The Buddhist way of embracing suffering is to practice mindfulness, which I understand to mean the fearless choice to allow the present reality, including all the very hurtful things in that present, to come inside of us and to let that pain and hurt just be inside of us.  Thich Nhat Hanh will say that we must “look deeply into the heart of things” (TL, 52).  When we are mindful in this Buddhist way, we have let go of our fear of someone, and become intimate with them again.  We become intimate with them because, in our mindfulness, we see the hurtful person as they truly are – as struggling, as preoccupied, as carrying their own hurt, as damaged – and then we can forgive them.  My Dad hurt me a lot, emotionally, when I was a kid; I did the withdrawal, depression thing for a long time.  But as I got older, I began to listen to who he was rather than just go numb, and I saw a hurt, struggling person with his own unreconciled pain.  I could forgive him; he did not act in malice, but out of his own suffering.


So the Buddhist notion of forgiveness, which connects tightly with a lot of contemporary psychotherapy, teaches that we forgive when we stop denying our suffering and we embrace it instead.  Forgiveness is to see the hurtful person completely as they really are.  I feel like this is a good teaching unless the hurtful person is very close to you and very involved in your daily life:  say, a child living at home, or a life partner.  I forgave my Dad, but I had to leave home to begin to do it.


When forgiveness means restoring an intimate relationship with someone who has hurt us badly, the Buddhist vision feels incomplete to me.  There is another step to take in the case of restoring intimate relationships.


That’s why I read the story of the Prodigal Son.  This time of year, Jews observe the Day of Atonement, the day of asking for forgiveness of sins.  What is interesting about this Jewish tradition is that Jews themselves, the perpetrators of the sins, do the work of forgiveness.  This is a very different emphasis than that of the Buddhist or contemporary psychotherapeutic tradition, which generally place the work of forgiveness on the victim.  Now granted, God, the victim in the case of Atonement Day, presumably forgives, but my point is that for the Jewish tradition forgiveness is a social act, a cooperative action between victim and perpetrator.  It is not an inward psychological movement of the victim alone.


And that’s what we see in the Prodigal Son.  Granted, the father sees his wayward son from a distance, and felt compassion and kissed him.  This is the Buddhist movement; the father embraces the loved one who has caused him pain.  But the story does not end with compassion.  The story ends with a restoration of the prodigal son’s status as a son, and this restoration only occurs after the son has acknowledged his mistake.  Why does this matter?  Why is it that sometimes we can only forgive if the other person feels remorse and promises to change?

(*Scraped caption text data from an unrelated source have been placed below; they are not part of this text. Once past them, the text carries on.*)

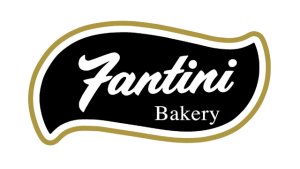 Sponsor Logo for Fantini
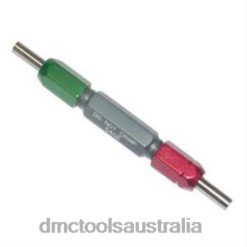 DMC G682 Gage GO .1660 - NO-GO .1740 Facilities 4226H2192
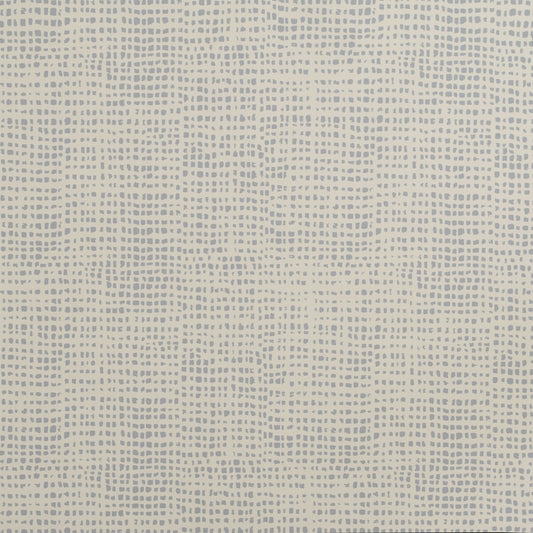 PBFC-3524-15 BELLPORT WP BLUE/WHITE LEE JOFA Wallpaper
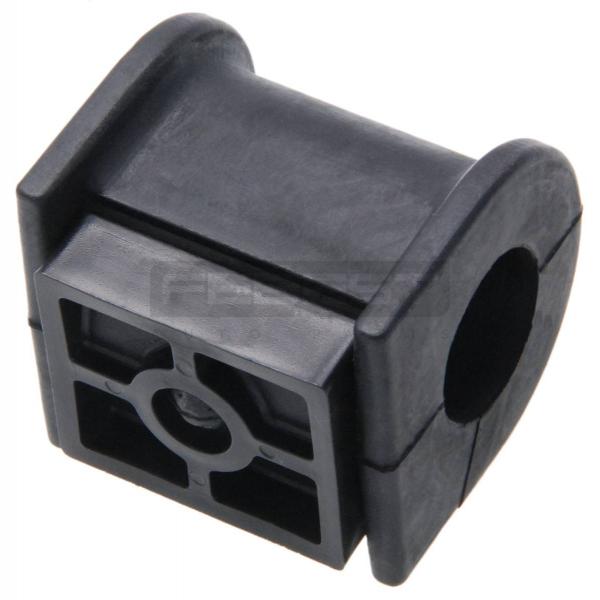 FEBEST TSBADE157R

To me, the restoration of the son as a son is the key.  If forgiveness includes restoring an intimate relationship, the victim needs the security of knowing that the future will be different from the past.  Re-embracing someone who has hurt us deeply, seeing them as they truly are in their own hurt and pain, may bring us peace.  But embracing the present moment with this hurtful person will not convince us that this person will change their behavior.  All intimate relationships imply a promise to act and feel within a certain discipline.  If the perpetrator has strayed from those boundaries, then the perpetrator must atone, must find a way to show that he or she will not do the hurtful thing again.  Otherwise, you have forgiveness but with the end of the intimate relationship.


What you have is letting go. Sometimes, that’s the best kind of forgiveness we can do, just letting go in peace.  But we are not bodhisattvas; we grasp, we desire, we want, we hope.  In the Jewish tradition, the Jews are the bride and God is the groom.  It is a relationship full of desire and grasping on both sides.  Each year, at this time, Jews seek to restore that intimate relationship with their God.  For this restoration of intimacy, forgiveness is not solitary; forgiveness is as much the work of the perpetrator as it is of the victim.